Many Such Takes: Parent Sex, Beef Tallow vs. edtwt, Lana Del Rey's Swamp BF and More
The most unhinged discourse of the week, always free
Welcome to Many Such Takes! I stay up to date with the latest and most chaotic Twitter discourse so you don’t have to. If you see yourself featured here and you don’t like it, simply send me a Substack message and I will happily remove, no matter who you are or what you said.
Parent Sex
Every now and then, you see a take on Twitter that’s so perfect for discourse that you almost have to admire the artistry. That’s exactly what happened a while back (last year I think?) when this tweet graced my timeline:
This hits me on a personal level because I’m a mom who occasionally has sex (shockingly, in my own home.) On one such occasion, our baby was asleep and my husband plopped our four-year-old in front of his favorite movie for five minutes. Within…maybe 10 seconds of us getting busy, we heard our four-year-old shouting “Daddy, Daddy, come quick!” Believing this to be some kind of emergency, my husband got dressed and ran to help him. But as it turned out, the “emergency” was that this peapod toy character was on the screen:
But anyway, I believe this tweet originally came about because an influencer had posted a (fairly tasteless) video of her consoling her daughter who was crying about hearing “screaming” from the room next door while her parents had sex. Honestly, a terrible video for several reasons. First of all, it was probably staged. Second of all, extremely embarrassing for the kid. Third, once you’re an adult you really need to stop finding excuses to brag about how Sex you are. Plus, if your kid is next door sleeping, you should be quiet. But one thing I wouldn’t say is that the mother in question was a pedophile and abuser for having consensual sex with her husband in the same home as her child, who was supposed to be sleeping. Unfortunately, a contingent of “sex negative zoomers” popped up on Twitter to accuse the mom of child abuse and pedophilia. I cannot stress this enough: open the schools!

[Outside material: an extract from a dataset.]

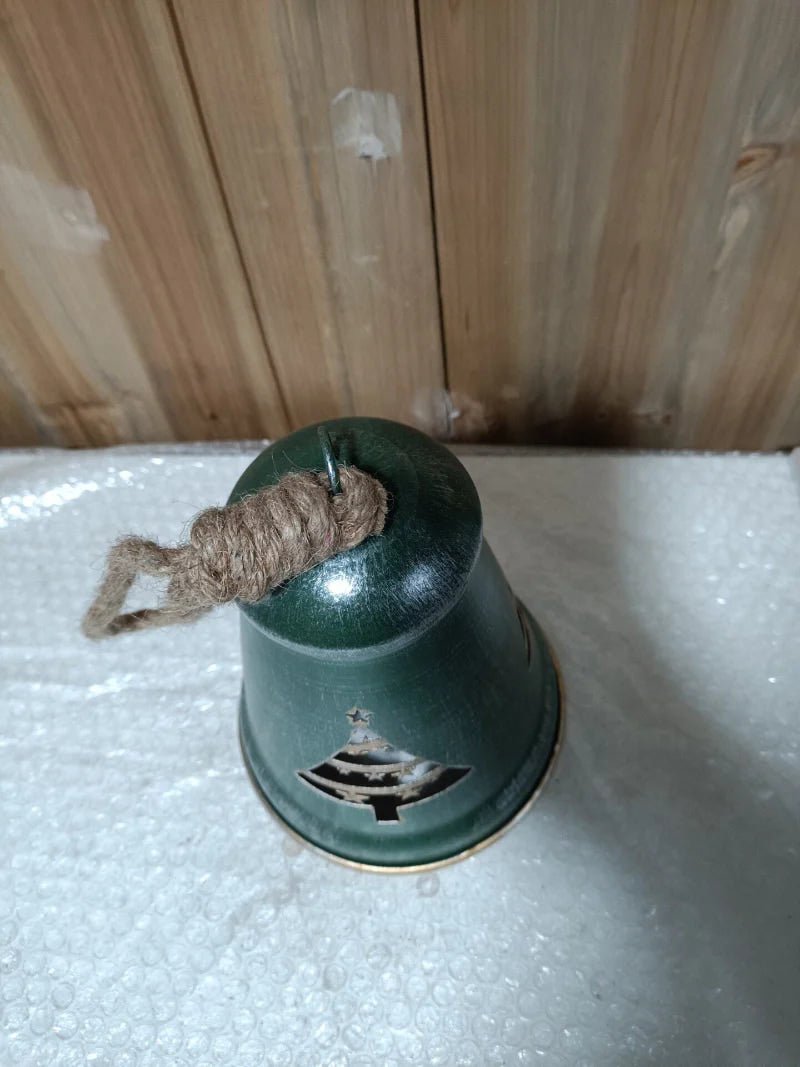 Green metal Christmas tree bell ornament with jute rope and cut-out tree emblem, top view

Anyway, this tweet came up yet again because the OP referenced it as a response to a thread asking Twitter users which tweet they got “chewed up” for. And you know what? I have to respect it a little. He does not regret the tweet by any means, but he’s willing to laugh about the whole ordeal at least a little bit. Also, some of his later tweets indicate that his position is far more reasonable than “parents shouldn’t have sex in their own homes.” It sounds like the entire ordeal could have been avoided had this lede not been buried. The lede in question? “Just don’t be extremely loud.” Alternatively, it’s possible he’s backtracking a bit. Either way, it’s funny and I’m happy to give this the attention he’s requesting!

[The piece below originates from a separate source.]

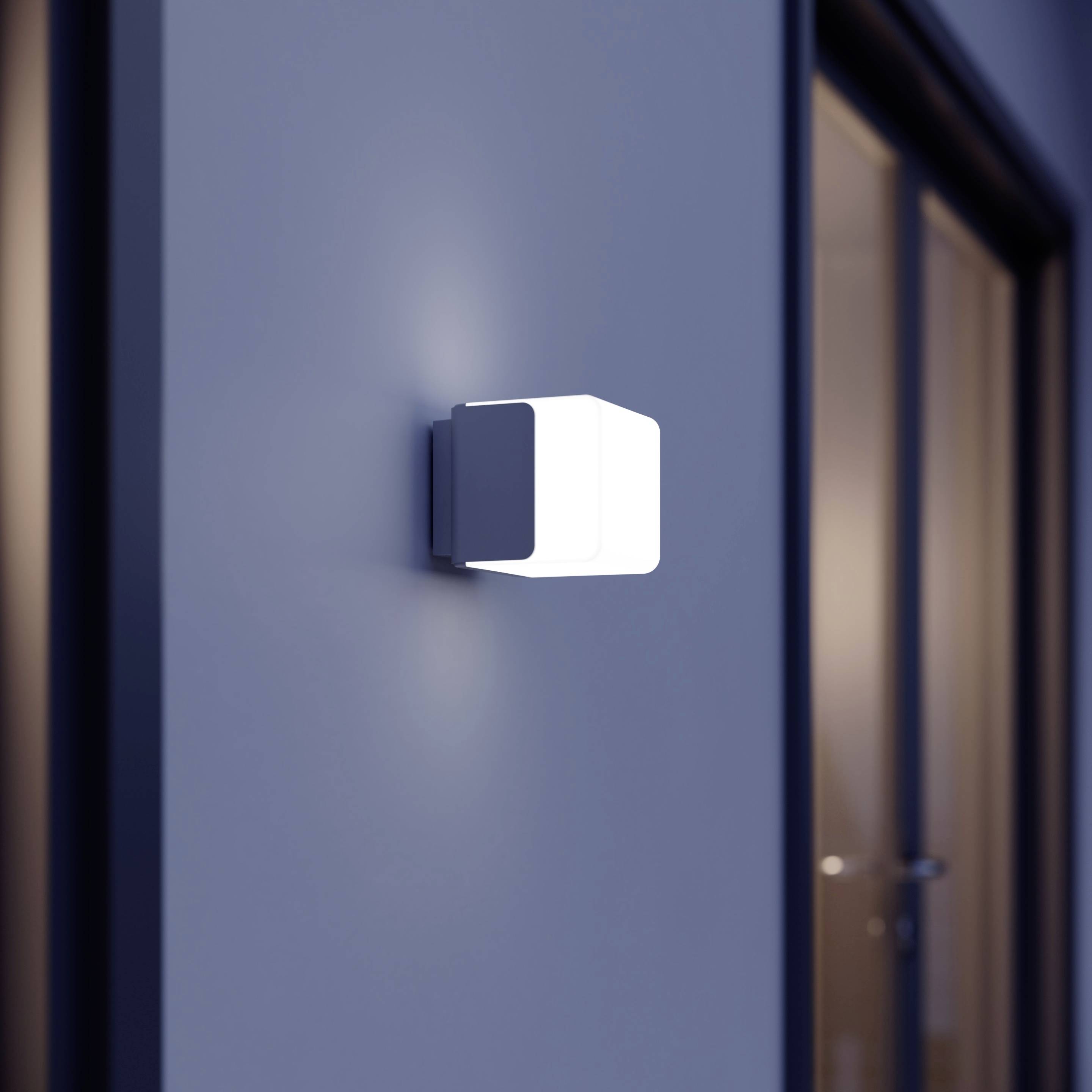 En modern utomhusvägglampa sprider mjukt ljus och är installerad på en blå vägg bredvid en glasdörr.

I later saw this tweet in response to the whole discourse, which shockingly came from an adult:
Look, I get that imagining your parents getting it on is pretty gross, but there has to be some middle ground between “filming my kids’ reaction to my sexcapades for Internet clout” and “renting a Holiday Inn room every time I want to get my back blown out by the father of my children.” This discourse went off the rails as more and more people spoke out about the “lifelong trauma” of having overheard their parents having sex.
But hey, we got some sane ideas too:
Beef Tallow vs. edtwt Throwdown
For those of you unfamiliar with Veronica, I wrote about her in a previous edition of Many Such Takes, when she fearmongered about scented body wash causing infertility. At the time, I wasn’t on her side but I started coming around when she defended the use of hiring help for a baby in order to get a full night sleep—a brave choice on right wing Twitter, where women’s main role is not to be a mother but to be a martyr.
And, well, I kinda like Veronica now?
It all started when someone on edtwt (also known as “eating disorder Twitter- yes, this is real”) posted a thread full of unhealthy and dangerous advice to get a “VS model physique.” What is this, 2009? Typically I don’t make fun of edtwt because a lot of them are underage and suffering from a life-threatening mental illness. But one important thing to consider about them is that frequently they engage in body-shaming circlejerks, including the absurd hashtag #meanspo. But given that these people are dealing with enough, I’m not going to get into who posted what on this end of things. Veronica, however, can take the publicity. This is what she said in response to the thread:
R-slur aside, Veronica makes a point. There’s nothing patriotic or feminine about being sickly and frail. Granted, I’m not sure if shame is going to help people suffering from eating disorders, but as Veronica has mentioned recovering from an ED in the past, it’s nice to see someone celebrating eating a nutritious, calorie-rich diet. She went a step further to infuriate the fat-shaming crowd by asserting that a high BMI is actually healthy after all:
Right-wing Twitter meets Healthy At Every Size? Never thought I’d see the day!
Also, for anyone reading this: you are about to read the phrase “rose marmalade-filled tallow fried doughnut.” Well, you just did, but you’ll read it again:
Lana Del Rey Swamp Boyfriend
Well, this week Twitter got a glimpse of Lana Del Rey’s boyfriend and chat…uhh…it’s giving “rioted on January 6.”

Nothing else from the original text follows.